Could you reproduce, word for word, everything below from the line containing "紺ソフトデニムサロペットパンツ" down to the line containing "Screws Nails ✿", with both of those lines included and no others?

'''

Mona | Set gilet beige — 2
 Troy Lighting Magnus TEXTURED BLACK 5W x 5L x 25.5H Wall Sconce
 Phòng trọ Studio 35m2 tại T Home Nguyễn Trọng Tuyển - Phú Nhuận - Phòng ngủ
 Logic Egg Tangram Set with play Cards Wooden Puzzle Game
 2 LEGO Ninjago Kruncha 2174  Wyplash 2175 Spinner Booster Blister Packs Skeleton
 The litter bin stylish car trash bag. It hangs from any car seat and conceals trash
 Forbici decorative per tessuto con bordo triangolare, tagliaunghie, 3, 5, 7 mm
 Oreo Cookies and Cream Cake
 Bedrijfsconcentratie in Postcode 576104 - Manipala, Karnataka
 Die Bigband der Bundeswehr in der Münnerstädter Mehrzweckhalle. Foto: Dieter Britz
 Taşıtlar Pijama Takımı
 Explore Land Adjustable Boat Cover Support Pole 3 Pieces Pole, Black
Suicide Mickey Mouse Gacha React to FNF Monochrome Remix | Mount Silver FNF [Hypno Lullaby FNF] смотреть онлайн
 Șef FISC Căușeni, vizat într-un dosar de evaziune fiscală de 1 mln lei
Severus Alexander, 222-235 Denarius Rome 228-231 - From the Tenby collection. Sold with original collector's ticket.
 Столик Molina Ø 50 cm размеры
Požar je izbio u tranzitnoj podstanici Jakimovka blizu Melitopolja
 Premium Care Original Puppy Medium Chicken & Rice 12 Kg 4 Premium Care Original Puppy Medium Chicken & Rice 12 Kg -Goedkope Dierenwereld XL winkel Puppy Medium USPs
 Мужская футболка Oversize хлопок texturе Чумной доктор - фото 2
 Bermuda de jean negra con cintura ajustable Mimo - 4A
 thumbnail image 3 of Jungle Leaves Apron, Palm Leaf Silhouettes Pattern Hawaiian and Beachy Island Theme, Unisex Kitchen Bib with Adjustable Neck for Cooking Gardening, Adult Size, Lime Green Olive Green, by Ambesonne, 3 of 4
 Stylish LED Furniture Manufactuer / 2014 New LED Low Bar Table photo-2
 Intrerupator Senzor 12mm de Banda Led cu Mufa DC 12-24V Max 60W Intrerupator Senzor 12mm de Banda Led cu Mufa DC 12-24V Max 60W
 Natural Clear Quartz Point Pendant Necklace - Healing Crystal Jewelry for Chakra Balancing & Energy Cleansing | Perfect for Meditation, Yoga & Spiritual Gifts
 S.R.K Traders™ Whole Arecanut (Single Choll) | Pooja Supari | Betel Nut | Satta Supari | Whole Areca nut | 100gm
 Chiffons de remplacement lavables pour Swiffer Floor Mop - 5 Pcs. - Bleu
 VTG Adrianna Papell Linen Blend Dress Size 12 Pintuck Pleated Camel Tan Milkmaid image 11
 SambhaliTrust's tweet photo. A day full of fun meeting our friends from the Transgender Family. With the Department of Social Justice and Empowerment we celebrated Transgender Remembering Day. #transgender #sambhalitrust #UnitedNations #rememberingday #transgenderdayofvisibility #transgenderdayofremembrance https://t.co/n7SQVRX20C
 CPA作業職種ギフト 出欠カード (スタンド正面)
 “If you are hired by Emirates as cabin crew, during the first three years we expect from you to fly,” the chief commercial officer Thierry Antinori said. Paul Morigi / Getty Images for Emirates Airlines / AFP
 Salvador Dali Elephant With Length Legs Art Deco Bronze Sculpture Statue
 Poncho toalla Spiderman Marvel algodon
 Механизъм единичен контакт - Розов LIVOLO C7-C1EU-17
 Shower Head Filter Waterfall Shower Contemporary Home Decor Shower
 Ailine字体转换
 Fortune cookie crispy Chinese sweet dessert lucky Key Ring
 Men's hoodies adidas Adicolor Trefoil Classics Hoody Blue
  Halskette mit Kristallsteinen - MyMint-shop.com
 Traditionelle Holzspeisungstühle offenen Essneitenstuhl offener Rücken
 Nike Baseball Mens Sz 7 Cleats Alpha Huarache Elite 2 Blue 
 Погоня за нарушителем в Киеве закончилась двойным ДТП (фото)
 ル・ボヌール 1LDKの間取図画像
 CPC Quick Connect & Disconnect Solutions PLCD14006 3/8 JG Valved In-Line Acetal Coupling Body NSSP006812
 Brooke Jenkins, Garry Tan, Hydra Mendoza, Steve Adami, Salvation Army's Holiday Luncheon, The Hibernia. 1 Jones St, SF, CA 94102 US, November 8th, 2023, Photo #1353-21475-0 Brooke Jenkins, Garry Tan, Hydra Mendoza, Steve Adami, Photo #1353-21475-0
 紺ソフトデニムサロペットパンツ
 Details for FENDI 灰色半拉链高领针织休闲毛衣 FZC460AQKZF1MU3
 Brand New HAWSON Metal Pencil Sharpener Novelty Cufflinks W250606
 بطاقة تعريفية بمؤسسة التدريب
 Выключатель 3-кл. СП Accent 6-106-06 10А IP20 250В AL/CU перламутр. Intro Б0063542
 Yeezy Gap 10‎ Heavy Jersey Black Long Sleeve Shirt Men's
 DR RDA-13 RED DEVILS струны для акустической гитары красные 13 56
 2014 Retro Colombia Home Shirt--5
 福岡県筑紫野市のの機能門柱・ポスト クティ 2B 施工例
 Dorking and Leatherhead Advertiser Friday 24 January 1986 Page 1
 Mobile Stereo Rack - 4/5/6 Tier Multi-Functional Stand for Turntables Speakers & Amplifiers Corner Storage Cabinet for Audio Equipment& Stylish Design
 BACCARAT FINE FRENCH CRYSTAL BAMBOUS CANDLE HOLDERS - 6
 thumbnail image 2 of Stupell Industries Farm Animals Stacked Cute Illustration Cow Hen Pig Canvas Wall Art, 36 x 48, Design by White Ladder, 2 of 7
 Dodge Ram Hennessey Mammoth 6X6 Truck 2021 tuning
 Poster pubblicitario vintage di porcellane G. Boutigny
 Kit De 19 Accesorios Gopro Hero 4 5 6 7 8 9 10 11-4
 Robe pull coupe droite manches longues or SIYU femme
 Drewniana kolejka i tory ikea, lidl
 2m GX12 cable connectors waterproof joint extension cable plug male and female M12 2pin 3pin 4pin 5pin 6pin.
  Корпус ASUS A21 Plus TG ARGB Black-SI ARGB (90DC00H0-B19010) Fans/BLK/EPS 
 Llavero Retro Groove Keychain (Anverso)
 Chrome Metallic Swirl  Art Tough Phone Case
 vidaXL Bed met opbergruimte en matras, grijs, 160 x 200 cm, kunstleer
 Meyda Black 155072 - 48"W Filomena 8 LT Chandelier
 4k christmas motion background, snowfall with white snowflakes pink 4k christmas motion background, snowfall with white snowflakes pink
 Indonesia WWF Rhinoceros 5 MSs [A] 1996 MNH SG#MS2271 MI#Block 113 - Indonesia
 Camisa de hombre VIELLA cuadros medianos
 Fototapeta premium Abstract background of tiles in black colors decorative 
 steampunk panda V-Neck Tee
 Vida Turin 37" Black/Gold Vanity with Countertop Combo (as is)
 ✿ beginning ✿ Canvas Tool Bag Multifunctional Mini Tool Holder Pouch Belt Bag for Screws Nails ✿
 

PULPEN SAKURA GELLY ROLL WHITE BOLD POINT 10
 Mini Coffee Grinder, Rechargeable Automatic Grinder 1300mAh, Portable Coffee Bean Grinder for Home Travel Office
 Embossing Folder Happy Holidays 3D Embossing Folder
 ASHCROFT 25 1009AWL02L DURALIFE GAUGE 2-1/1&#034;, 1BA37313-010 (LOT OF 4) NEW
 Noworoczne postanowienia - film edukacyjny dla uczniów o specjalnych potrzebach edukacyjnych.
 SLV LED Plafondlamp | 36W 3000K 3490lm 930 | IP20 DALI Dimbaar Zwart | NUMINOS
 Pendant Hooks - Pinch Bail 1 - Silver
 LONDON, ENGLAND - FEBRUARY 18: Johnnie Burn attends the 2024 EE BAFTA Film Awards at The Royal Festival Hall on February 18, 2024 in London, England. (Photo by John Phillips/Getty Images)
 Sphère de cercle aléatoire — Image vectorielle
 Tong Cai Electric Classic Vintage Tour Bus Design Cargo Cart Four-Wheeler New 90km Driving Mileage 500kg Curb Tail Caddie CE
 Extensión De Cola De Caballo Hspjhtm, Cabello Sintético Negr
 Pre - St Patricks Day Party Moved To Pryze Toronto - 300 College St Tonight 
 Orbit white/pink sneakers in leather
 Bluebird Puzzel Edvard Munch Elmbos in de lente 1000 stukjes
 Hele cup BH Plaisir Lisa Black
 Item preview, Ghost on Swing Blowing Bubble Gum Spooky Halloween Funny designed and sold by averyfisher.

'''

▶ **FINISHED TASK**
 紺ソフトデニムサロペットパンツ
 Details for FENDI 灰色半拉链高领针织休闲毛衣 FZC460AQKZF1MU3
 Brand New HAWSON Metal Pencil Sharpener Novelty Cufflinks W250606
 بطاقة تعريفية بمؤسسة التدريب
 Выключатель 3-кл. СП Accent 6-106-06 10А IP20 250В AL/CU перламутр. Intro Б0063542
 Yeezy Gap 10‎ Heavy Jersey Black Long Sleeve Shirt Men's
 DR RDA-13 RED DEVILS струны для акустической гитары красные 13 56
 2014 Retro Colombia Home Shirt--5
 福岡県筑紫野市のの機能門柱・ポスト クティ 2B 施工例
 Dorking and Leatherhead Advertiser Friday 24 January 1986 Page 1
 Mobile Stereo Rack - 4/5/6 Tier Multi-Functional Stand for Turntables Speakers & Amplifiers Corner Storage Cabinet for Audio Equipment& Stylish Design
 BACCARAT FINE FRENCH CRYSTAL BAMBOUS CANDLE HOLDERS - 6
 thumbnail image 2 of Stupell Industries Farm Animals Stacked Cute Illustration Cow Hen Pig Canvas Wall Art, 36 x 48, Design by White Ladder, 2 of 7
 Dodge Ram Hennessey Mammoth 6X6 Truck 2021 tuning
 Poster pubblicitario vintage di porcellane G. Boutigny
 Kit De 19 Accesorios Gopro Hero 4 5 6 7 8 9 10 11-4
 Robe pull coupe droite manches longues or SIYU femme
 Drewniana kolejka i tory ikea, lidl
 2m GX12 cable connectors waterproof joint extension cable plug male and female M12 2pin 3pin 4pin 5pin 6pin.
  Корпус ASUS A21 Plus TG ARGB Black-SI ARGB (90DC00H0-B19010) Fans/BLK/EPS 
 Llavero Retro Groove Keychain (Anverso)
 Chrome Metallic Swirl  Art Tough Phone Case
 vidaXL Bed met opbergruimte en matras, grijs, 160 x 200 cm, kunstleer
 Meyda Black 155072 - 48"W Filomena 8 LT Chandelier
 4k christmas motion background, snowfall with white snowflakes pink 4k christmas motion background, snowfall with white snowflakes pink
 Indonesia WWF Rhinoceros 5 MSs [A] 1996 MNH SG#MS2271 MI#Block 113 - Indonesia
 Camisa de hombre VIELLA cuadros medianos
 Fototapeta premium Abstract background of tiles in black colors decorative 
 steampunk panda V-Neck Tee
 Vida Turin 37" Black/Gold Vanity with Countertop Combo (as is)
 ✿ beginning ✿ Canvas Tool Bag Multifunctional Mini Tool Holder Pouch Belt Bag for Screws Nails ✿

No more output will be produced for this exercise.